I have some words remembering Lila that I have been asked to share with you, sent to me from two Norwegian friends and colleagues, and from my daughter. The first is from Kari-Anne Pedersen, Curator of Textiles at Norsk Folkemuseum in Oslo. She refers at first to our recent loss of two great women of textiles, as the former and long-time curator at Norsk Folkemuseum, Aagot Noss, died in Oslo in April of this year at age 90. Lila knew Aagot Noss well, and they were in many ways kindred spirits in their textile interests and world view –
Yes, it is very sad that two such wonderful women have passed away. I remember Lila as such a positive warm person from my visit at Vesterheim. The work she has done has been so important, keeping weaving skills alive is intangible heritage in practice. You must send on my greetings when you meet on the 25th.

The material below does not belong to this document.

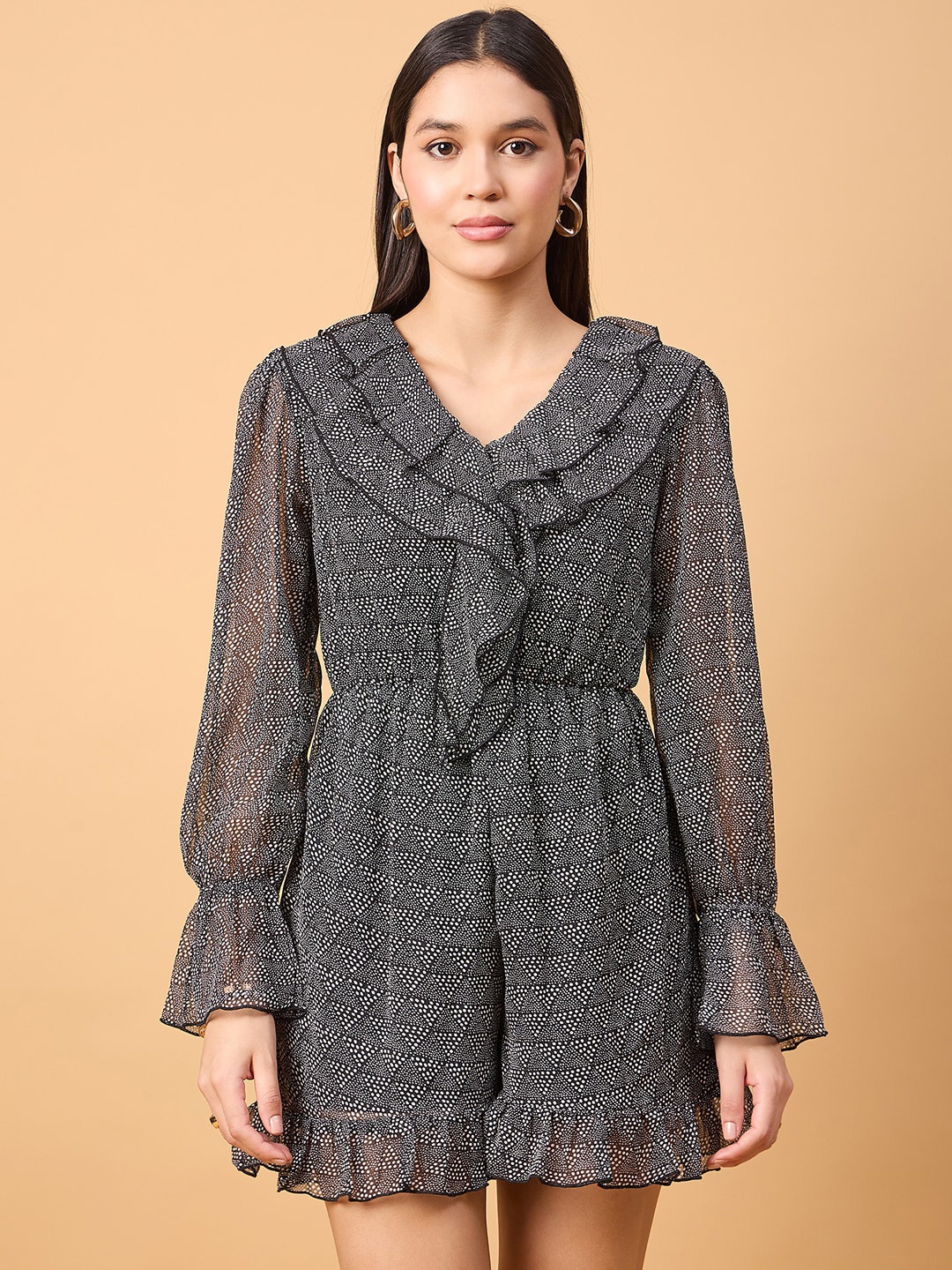 

DRAPE AND DAZZLE Printed Ruffled Playsuit, Black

Ingebjørg Vaagen is a Norwegian master weaver, tapestry artist, teacher and an ambassador to Norway’s heritage in fine craft. Many American weavers have met Ingebjørg through Vesterheim programs both in the U.S. and Norway. I wrote to her in the first days after Lila died. This is what she said so concisely –
What sad news to receive. She was one of those persons that should have gone on forever, she was so much for so many! I am very happy to have had the great pleasure to have met her and have shared her spirit and her great knowledge as well as her humor as well as her high morals for political matters.

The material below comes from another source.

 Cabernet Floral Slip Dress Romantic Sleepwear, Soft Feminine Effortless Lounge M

It is good to hear that she had attended the book launch event and at that time was fit enough for that, and really lived her life and interests to the end. Thank you for the attached Textile Newsletter; good to see her tapestries.
I am a lucky owner of one that she gave to me when she came the last time. I am most thankful that I met her, worked with her, laughed with her, and smiled with her when I got her political newsletters. She made me believe in healthy American visions and politics…SHE WAS A GREAT LADY!!!!

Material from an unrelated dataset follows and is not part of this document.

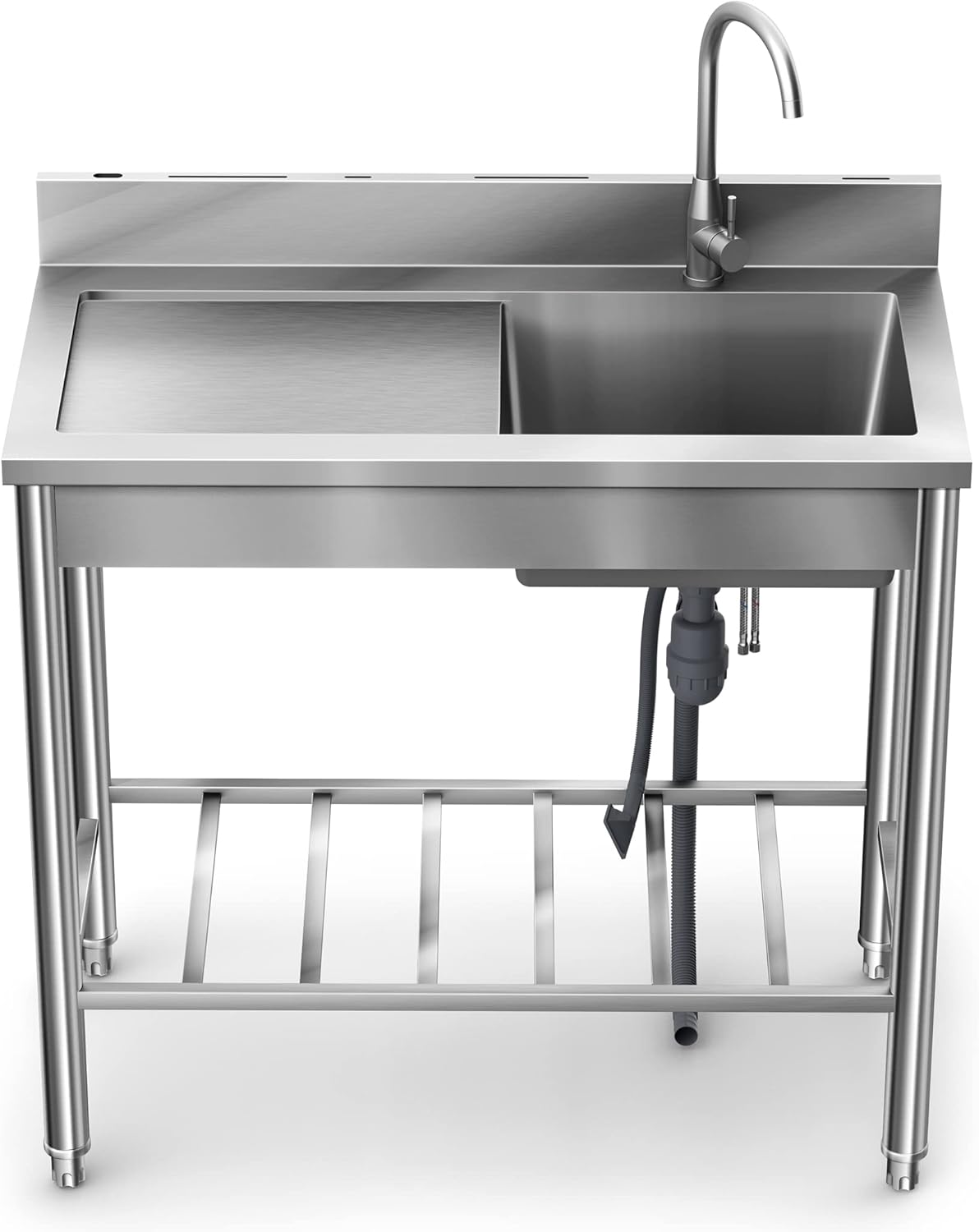 Stainless Steel Sink, Outdoor Utility Sink Free Standing Single Bowl Kitchen Sink with Cold and Hot Water Pipe for Laundry Room Bathroom Farmhouse (39 Inch)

My own memories span about 40 years and are first closely tied to her work at Vesterheim:
I first met Lila in the mid-1970s at Vesterheim museum. I was a graduate student at the University of Minnesota in art history and was a new convert to studying folk arts in Marion Nelson’s Scandinavian Folk Arts class, which to my surprise included the area of textiles. At the end of an exam, he asked the question – “What do you want to do with your life?” Having recently stumbled upon the field of historic textiles and textile conservation, I wrote on the bottom of the page, “I want to save the world’s textiles.” He immediately sent me to Lila so that we could team up on this formidable task – and we did; by first tackling the washing of some of the largest textiles in the collection: the coverlets and the large room-sized sail of the Tradewinds ship owned by Vesterheim.
As an intern living close to the museum and working long days with Lila, those months were my most memorable exposure to the dedication, professional inquiry, stimulating curiosity and joyful delight that we probably all experienced when in the presence of Lila. After that initial internship, I kept returning to Vesterheim. I explored the collection, benefiting from Lila’s insight into both flat textiles and the collection of Norwegian-American clothing – which became my area of special interest.
Throughout her years of curatorial work, research, and hands-on textile work, Lila stayed involved and current with questions of Norwegian and Norwegian-American immigrant textiles and dress. Researchers sought her out from local, regional, national, and international perspectives. Throughout about 40 years she continued to inspire my work on research projects – exploring questions posed by the collection at Vesterheim and the greater world. She was always so generous and helpful in suggesting resources, insightfully reading research drafts, and pointing out new avenues of research to further this fascinating field of study. Because of all of her care of the collection and its documentation, her deep understanding and insight has been an inspiration to textile historians and researchers, as well as to her colleagues who are artists and artisans.
In the museum Lila’s legacy, handed over to and built upon by Laurann Gilbertson as current textile curator, will continue to be a tremendous resource for generations into the future. It has been the philosophy at the museum to make the collection available for everyone to use for inspiration and to study.
Another great time when Lila became very much a part of my life was the first Vadmel weaving workshop at Vesaas Farm in Telemark. It was 2002 when I had lunch with her at the MIA and told her of this crazy idea of weaving meters of vadmel and making garments in the same two week workshop. She signed on immediately at age 80 and of course it was a joy to have her in our group, along with her roommate that year Janet Meany; sharing the pioneering spirit needed to complete such a daunting task. This was also when Ingebjørg Vaagen really got to know Lila and her many interests, through long discussions of textiles, art and politics in Norway and America.
And finally, my daughter Mae, who recently completed graduate studies in textiles, spent time with Lila on a number of occasions in her life. Mae wrote to remind us that her generation also remembers Lila, and that her work will be there for those in the future who find their way to a strong textile interest.